■ **THE DATA**:

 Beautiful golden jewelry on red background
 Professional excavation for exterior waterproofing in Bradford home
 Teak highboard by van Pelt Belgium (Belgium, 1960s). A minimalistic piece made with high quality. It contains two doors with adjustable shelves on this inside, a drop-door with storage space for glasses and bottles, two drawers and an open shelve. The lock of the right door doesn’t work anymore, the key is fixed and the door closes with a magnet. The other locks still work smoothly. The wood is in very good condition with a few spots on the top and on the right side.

■ **DIRECTIONS**: Repeat, exactly and only, the lines from the beginning of the material through the line that contains "Professional excavation for".

■ **ANSWER TO THE EXERCISE**:
 Beautiful golden jewelry on red background
 Professional excavation for exterior waterproofing in Bradford home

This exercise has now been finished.